Appeal from an order of the Supreme Court, Genesee County (Robert C. Noonan, A.J.), entered June 5, 2006 in a personal injury action. The order, insofar as appealed from, granted the motion of defendant Susan G. Reed for summary judgment dismissing the second amended complaint and cross claims against her and denied that part of plaintiffs cross motion for partial summary judgment against that defendant.
It is hereby ordered that the order so appealed from be and the same hereby is unanimously affirmed without costs.

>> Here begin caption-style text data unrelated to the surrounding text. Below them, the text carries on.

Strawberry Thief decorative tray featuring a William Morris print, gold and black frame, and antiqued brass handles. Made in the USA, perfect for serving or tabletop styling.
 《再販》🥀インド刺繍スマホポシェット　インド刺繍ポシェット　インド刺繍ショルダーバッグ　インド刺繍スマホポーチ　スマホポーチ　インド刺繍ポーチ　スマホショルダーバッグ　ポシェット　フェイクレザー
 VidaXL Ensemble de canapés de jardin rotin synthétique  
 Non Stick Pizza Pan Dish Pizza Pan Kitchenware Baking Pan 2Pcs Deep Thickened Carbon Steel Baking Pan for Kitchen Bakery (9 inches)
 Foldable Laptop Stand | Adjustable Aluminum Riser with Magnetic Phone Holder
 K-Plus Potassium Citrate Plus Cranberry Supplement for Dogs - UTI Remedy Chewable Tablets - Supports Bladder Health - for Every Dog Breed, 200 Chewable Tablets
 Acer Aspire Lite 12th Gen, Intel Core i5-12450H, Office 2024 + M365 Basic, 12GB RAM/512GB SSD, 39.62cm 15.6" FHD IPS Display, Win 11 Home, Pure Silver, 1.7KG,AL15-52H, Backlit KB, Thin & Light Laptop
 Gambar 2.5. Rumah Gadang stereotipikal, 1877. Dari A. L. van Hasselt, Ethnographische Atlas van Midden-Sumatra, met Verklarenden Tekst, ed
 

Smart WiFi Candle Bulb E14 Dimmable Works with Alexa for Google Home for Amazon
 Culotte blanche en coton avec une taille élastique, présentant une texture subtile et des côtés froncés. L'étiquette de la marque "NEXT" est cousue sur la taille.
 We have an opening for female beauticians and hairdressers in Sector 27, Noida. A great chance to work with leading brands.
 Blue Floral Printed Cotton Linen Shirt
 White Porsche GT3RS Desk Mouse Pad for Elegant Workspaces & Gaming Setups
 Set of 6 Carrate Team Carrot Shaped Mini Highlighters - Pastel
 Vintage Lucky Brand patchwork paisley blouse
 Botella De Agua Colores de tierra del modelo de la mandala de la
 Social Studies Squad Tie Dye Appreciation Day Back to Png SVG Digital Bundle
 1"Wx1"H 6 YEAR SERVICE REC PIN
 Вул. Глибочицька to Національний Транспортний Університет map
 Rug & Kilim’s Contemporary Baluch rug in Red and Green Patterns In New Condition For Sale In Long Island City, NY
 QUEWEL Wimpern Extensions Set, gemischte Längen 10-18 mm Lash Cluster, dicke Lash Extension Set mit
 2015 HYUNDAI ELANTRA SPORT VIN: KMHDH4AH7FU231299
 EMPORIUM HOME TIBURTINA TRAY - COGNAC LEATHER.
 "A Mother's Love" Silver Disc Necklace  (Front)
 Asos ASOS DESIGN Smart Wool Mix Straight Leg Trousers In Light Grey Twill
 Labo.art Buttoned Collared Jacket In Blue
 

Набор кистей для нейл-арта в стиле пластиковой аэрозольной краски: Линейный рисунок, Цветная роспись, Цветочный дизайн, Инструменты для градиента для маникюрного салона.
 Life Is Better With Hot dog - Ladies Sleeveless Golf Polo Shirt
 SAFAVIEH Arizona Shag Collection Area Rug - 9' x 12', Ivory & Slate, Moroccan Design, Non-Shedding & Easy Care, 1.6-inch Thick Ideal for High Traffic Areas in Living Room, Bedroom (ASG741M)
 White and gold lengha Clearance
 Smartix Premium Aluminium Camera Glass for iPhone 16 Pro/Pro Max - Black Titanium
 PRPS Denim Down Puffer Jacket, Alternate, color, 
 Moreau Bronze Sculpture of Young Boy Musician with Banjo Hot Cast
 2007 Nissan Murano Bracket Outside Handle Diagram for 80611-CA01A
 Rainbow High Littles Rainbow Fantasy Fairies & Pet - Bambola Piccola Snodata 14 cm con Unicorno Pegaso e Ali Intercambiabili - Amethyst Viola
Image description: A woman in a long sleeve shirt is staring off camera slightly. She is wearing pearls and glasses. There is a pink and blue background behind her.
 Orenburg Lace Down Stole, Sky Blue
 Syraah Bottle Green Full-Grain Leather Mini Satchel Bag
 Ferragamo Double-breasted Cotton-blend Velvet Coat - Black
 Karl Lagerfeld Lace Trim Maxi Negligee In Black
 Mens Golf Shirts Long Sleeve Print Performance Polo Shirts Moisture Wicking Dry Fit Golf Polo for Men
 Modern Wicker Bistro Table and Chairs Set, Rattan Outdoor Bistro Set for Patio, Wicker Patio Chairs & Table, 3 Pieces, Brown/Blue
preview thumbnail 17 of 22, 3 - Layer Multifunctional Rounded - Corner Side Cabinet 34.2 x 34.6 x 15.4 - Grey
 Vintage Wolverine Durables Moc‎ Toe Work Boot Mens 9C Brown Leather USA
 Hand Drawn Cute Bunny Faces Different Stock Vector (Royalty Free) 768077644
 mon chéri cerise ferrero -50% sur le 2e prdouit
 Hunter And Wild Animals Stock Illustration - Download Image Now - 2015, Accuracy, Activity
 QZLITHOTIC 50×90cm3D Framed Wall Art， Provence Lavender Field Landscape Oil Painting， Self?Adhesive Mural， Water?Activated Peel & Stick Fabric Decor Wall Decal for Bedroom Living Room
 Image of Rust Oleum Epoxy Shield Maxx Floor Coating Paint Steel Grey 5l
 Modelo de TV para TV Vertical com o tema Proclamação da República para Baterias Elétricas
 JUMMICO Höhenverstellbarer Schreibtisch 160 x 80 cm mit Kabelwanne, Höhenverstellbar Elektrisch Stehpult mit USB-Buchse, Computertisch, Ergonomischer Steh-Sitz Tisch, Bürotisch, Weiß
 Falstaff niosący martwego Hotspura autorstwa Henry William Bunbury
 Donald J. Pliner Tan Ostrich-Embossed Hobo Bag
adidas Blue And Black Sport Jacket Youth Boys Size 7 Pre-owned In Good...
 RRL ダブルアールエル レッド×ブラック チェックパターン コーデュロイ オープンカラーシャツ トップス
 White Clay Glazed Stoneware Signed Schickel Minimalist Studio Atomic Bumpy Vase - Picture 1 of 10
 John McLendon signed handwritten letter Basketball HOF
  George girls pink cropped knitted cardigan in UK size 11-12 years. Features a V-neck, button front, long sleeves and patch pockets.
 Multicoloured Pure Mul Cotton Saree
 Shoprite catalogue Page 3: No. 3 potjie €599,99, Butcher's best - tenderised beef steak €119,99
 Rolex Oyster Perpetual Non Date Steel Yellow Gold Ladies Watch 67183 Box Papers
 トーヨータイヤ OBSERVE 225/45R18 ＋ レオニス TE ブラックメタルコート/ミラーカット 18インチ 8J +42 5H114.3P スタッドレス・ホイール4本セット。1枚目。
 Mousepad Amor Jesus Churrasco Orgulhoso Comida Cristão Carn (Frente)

Memorandum: Plaintiff commenced this action seeking damages for injuries sustained by C.W. (hereafter, child) when a vehicle operated by defendant Susan G. Reed was rear-ended by a vehicle operated by defendant Pamela J. (Maltese) Sivret, in which the child was a passenger. Contrary to plaintiffs contention, Supreme Court properly granted the motion of Reed for summary judgment dismissing the second amended complaint and all cross claims against her. It is well settled that “a rear-end collision with a stopped vehicle establishes a prima facie case of negligence on the part of the driver of the rear vehicle” (Pitchure v Kandefer Plumbing & Heating, 273 AD2d 790, 790 [2000]). Here, Reed met her initial burden on the motion by estabhshing that her stopped vehicle was rear-ended by Sivret’s vehicle. Sivret did not oppose Reed’s motion and, in opposing Reed’s motion, plaintiff failed to submit the requisite “non-negligent explanation for the collision” (Ruzycki v Baker, 301 AD2d 48, 49 [2002]). Indeed, Sivret testified at her deposition *1329that she was aware of the “stop and go” traffic and thus could have anticipated that Reed might be forced to stop suddenly. Sivret also admitted that, just before the collision, she had averted her attention from the road in order to look out the passenger window and that, when she returned her attention to the road, she was unable to avoid the collision with Reed’s vehicle (see generally Farrington v New York City Tr. Auth., 33 AD3d 332 [2006]). Thus, Sivret’s “failure to anticipate and react to the slow and cautious movement of [Reed’s] vehicle is not an adequate, nonnegligent explanation for the accident” (Ruzycki, 301 AD2d at 50 [internal quotation marks omitted]; see Newton v Perugini, 16 AD3d 1087, 1089 [2005]).
Finally, even assuming, arguendo, that plaintiff is correct that Reed’s brake lights malfunctioned, we nevertheless conclude under the circumstances of this case that the alleged malfunctioning brake lights “would not adequately rebut the inference of [Sivret’s] negligence” (Farrington, 33 AD3d at 332 [2006]; cf. Bender v Rodriguez, 302 AD2d 882, 883 [2003]). Present—Scudder, P.J., Martoche, Lunn, Peradotto and Green, JJ.